U.S. Pat. No. 4,361,487 of Hills et al. (FMC) issued Nov. 30, 1982 describes a process for removing hydrogen sulfide from the condensate of spent steam in a geothermal power plant by oxidizing such hydrogen sulfide to elemental sulfur using a peroxygen compound, preferably hydrogen peroxide, in the presence of a vanadate catalyst under neutral to alkaline conditions. The vanadate catalyst, preferably aqueous sodium vanadate, is added after the steam condensate is adjusted to pH 7 or higher with an alkaline reagent, and the peroxygen is introduced after the vanadate catalyst has been added to the pH-adjusted condensate. The Hills et al. '487 patent states that the presence of the vanadate catalyst serves to increase the efficiency of the oxidation of hydrogen sulfide to elemental sulfur by hydrogen peroxide and that the hydrogen peroxide also serves to regenerate the vanadate ion.
U.S. Pat. No. 4,552,668 of Brown et al. (FMC) issued Nov. 12, 1985 describes the use of hydrogen peroxide with free radical scavengers in viscous (polymer-thickened) aqueous well treatment fluids intended for subterranean petroleum production operations, to react with sulfide in such fluids.
U.S. Pat. No. 4,574,076 of Castrantas (FMC) issued Mar. 4, 1986 describes the removal of hydrogen sulfide from geothermal steam before the latter is released into the atmosphere, using aqueous alkaline hydrogen peroxide injected into the steam gas stream to oxidize the hydrogen peroxide.

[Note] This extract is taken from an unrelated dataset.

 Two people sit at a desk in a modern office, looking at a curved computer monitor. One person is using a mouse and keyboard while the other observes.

U.S. Pat. No. 4,839,154 of Allison et al. (Conoco) issued Jun. 13, 1989 describes a process for converting sulfide into innocuous sulfur species, in oil field-produced water, using an oxidizing agent such as chlorine, hypochlorite, hydrogen peroxide, chlorine dioxide sulfur dioxide or ozone in combination with a surface active agent.

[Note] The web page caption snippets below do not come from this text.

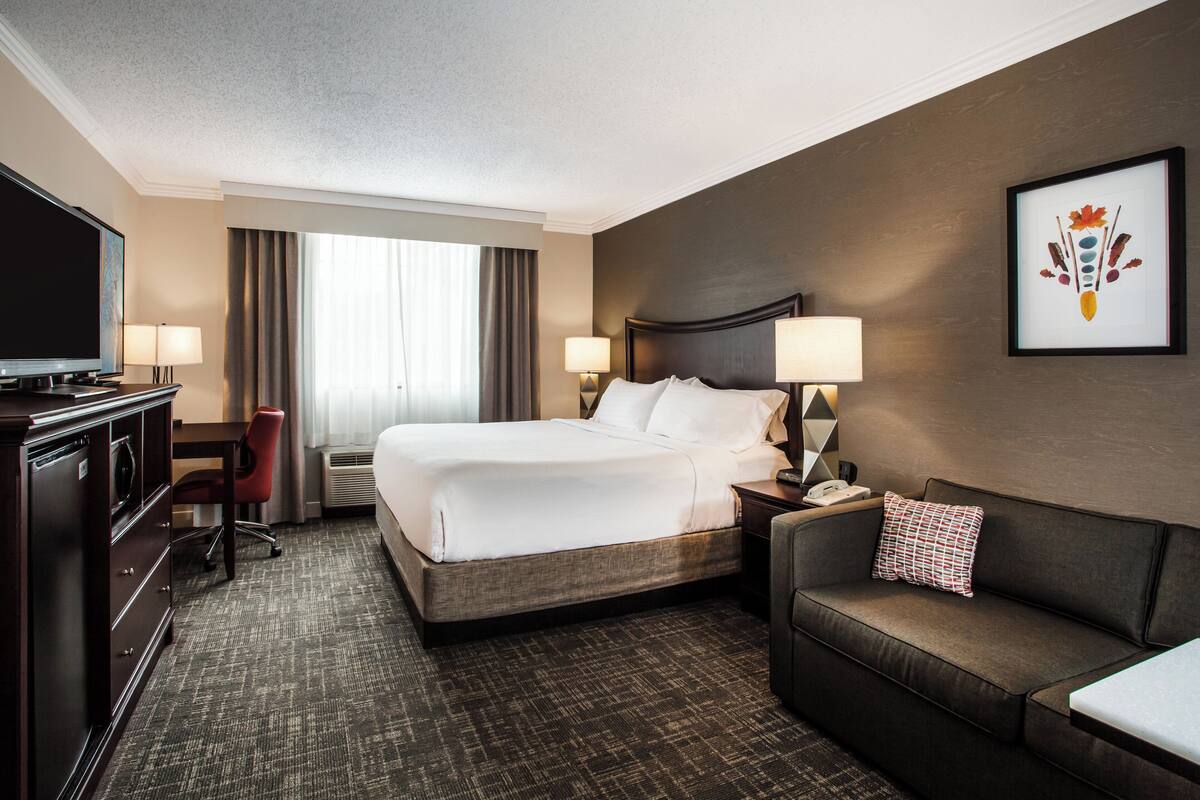 A hotel room with a large bed, a desk with a TV, a sofa, and a framed picture on the wall.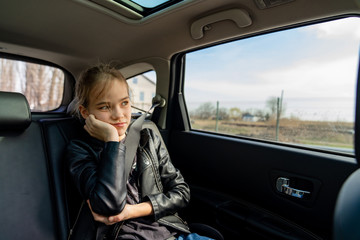 sad teen girl looks out window in seat back of car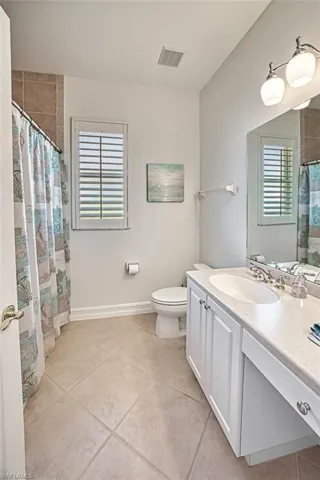 Bathroom with toilet, vanity, and tile patterned floors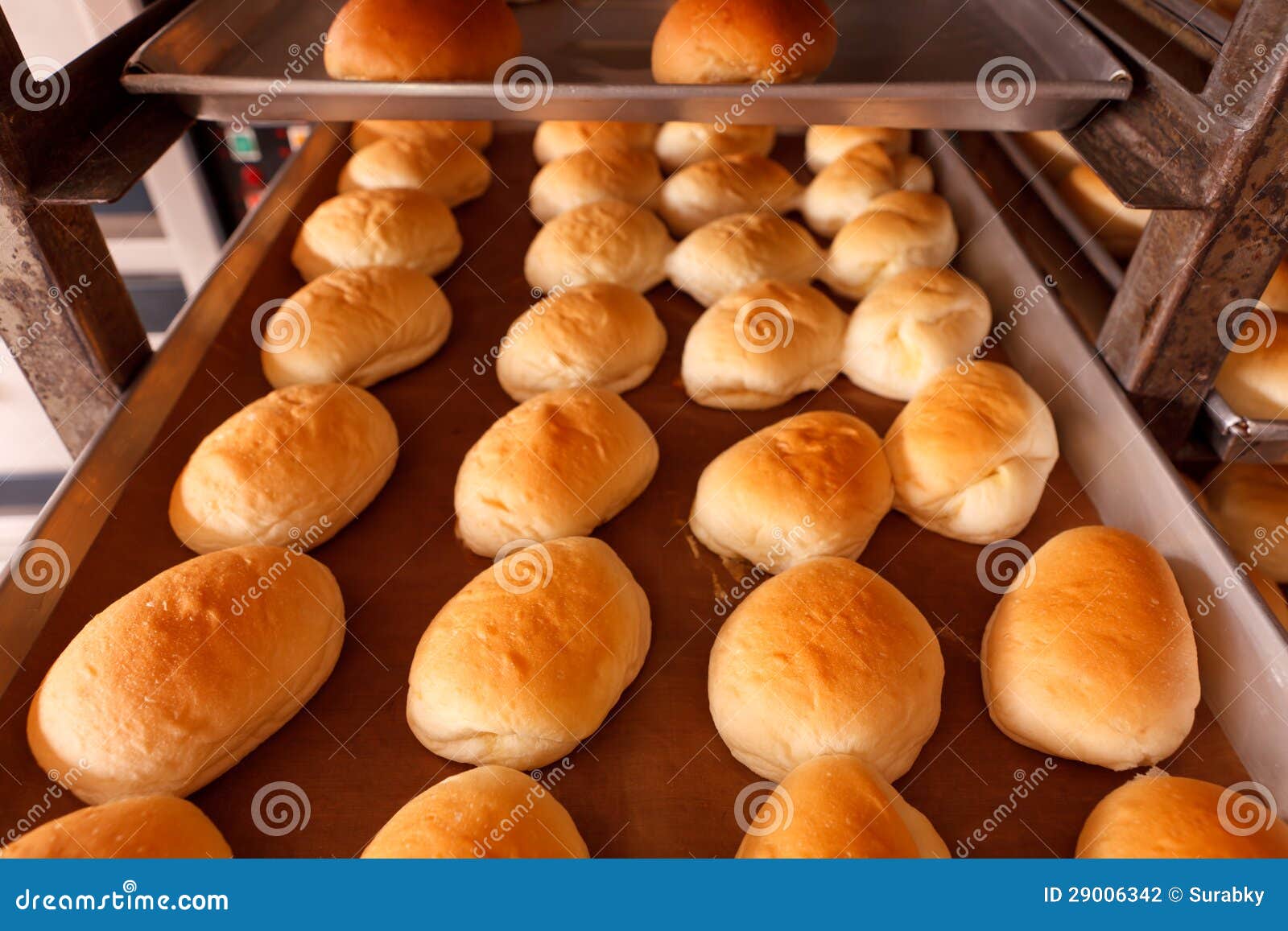 Fresh hot bread in trey stock photo. Image of homemade 29006342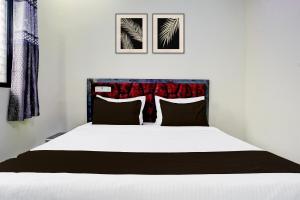 a bedroom with a white bed with two pictures on the wall at SPOT O SKY LINE in Chandrapur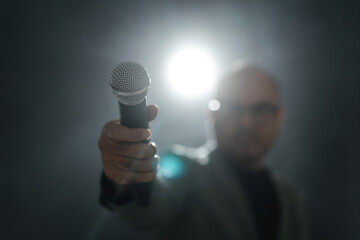 Confident successful speaker man talking on stage with spotlight strike through the darkness at corporate business event. Public speaker giving talk at conference hall. Stand up comedian.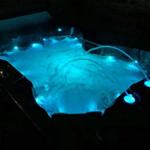 Ein Whirlpool mit blauer Beleuchtung und sprudelndem Wasser in der Dunkelheit.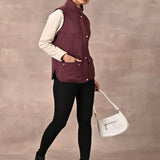 Maroon Solid Sleeveless Quilted Jacket With Rivets Detail & Curved Hem - Lakshita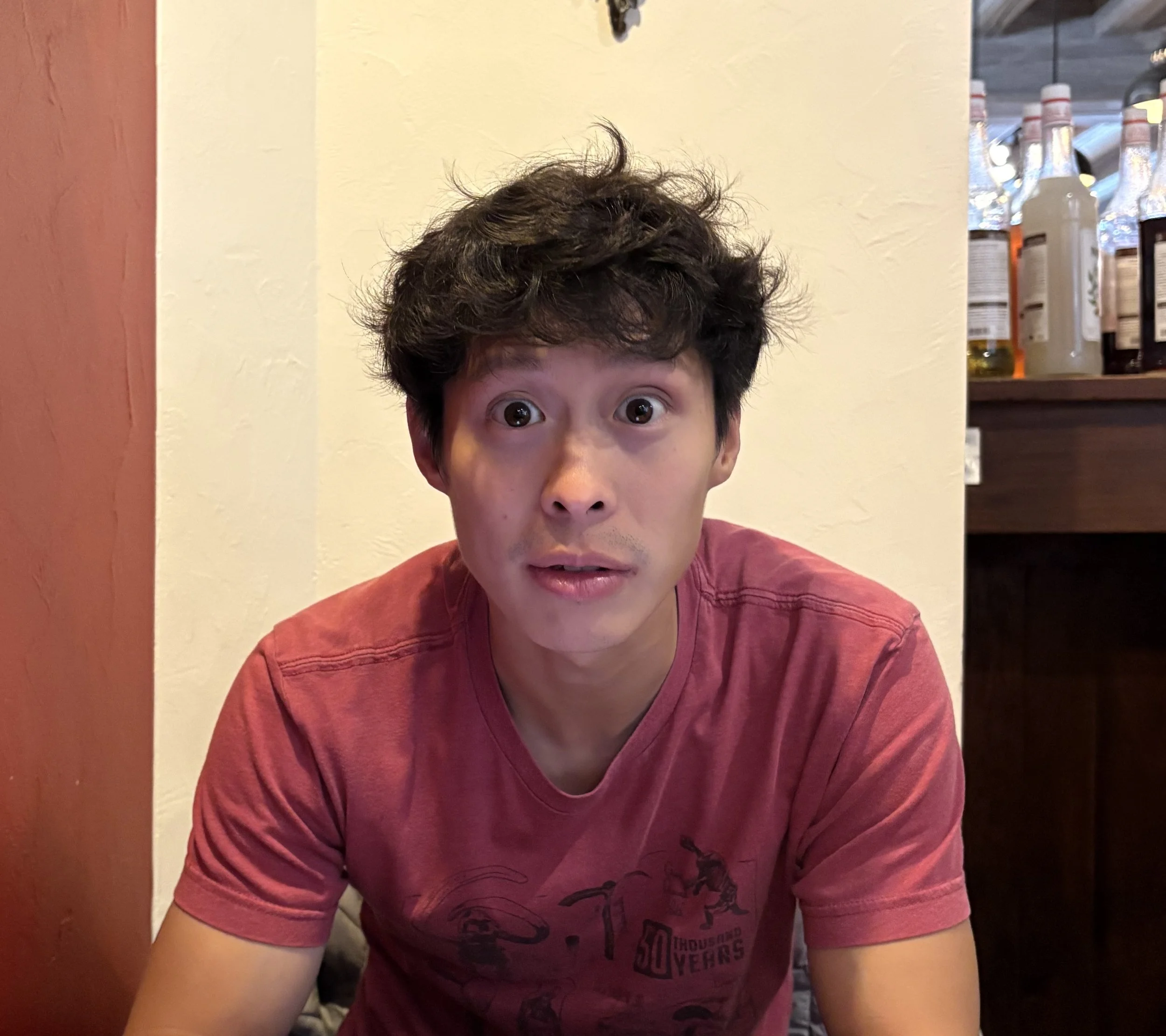 A young man with dark curly hair and wide eyes looking surprised or confused, sitting in a cozy cafe or restaurant with red and white walls, and a shelf with bottles behind him.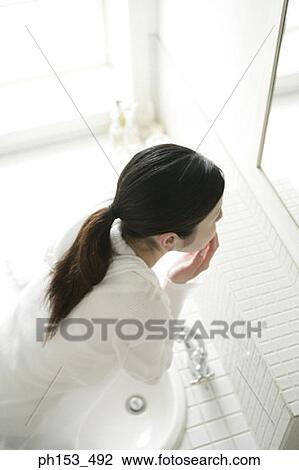High angle view of a young woman looking in a mirror View Large Photo Image Stock Image - High angle view of a young woman looking in a mirror. Fotosearch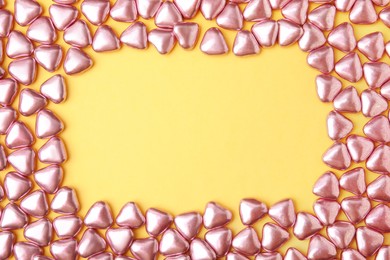 Photo of Frame made of delicious heart shaped candies on yellow background, flat lay. Space for text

U.S. Pat. No. 7,883,626 of Sharkey, Jr. et al. (Waterways Restoration) issued Feb. 8, 2011 describes the neutralization of acid mine drainage (e.g., from coal or metal mining operations) derived from the oxidation of sulfide minerals (e.g., iron sulfide in coal regions), exposed to water and oxygen, to form acidic, iron and sulfate-rich drainage. Sharkey, Jr. et al. '626 utilizes a multi-component formulation containing a neutralizer/binder component, a dissolution control/filtration component, an oxidizing agent and a dispersant/neutralizer component. The oxidizing component may be calcium peroxide, potassium permanganate, or hydrogen peroxide.
The present invention provides a method for the targeted and efficient oxidation of sulfides present in sulfide-containing alkali solutions using hydrogen peroxide to form soluble reaction products. The method is particularly useful for the removal of sulfide from NaHCO3-containing alkali solutions that are subsequently processed to convert such NaHCO3 into Na2CO3 via steam stripping or evaporation, since the sulfide would otherwise be volatilized as hydrogen sulfide (H2S) along with the gaseous CO2 byproduct of the bicarbonate decomposition reaction.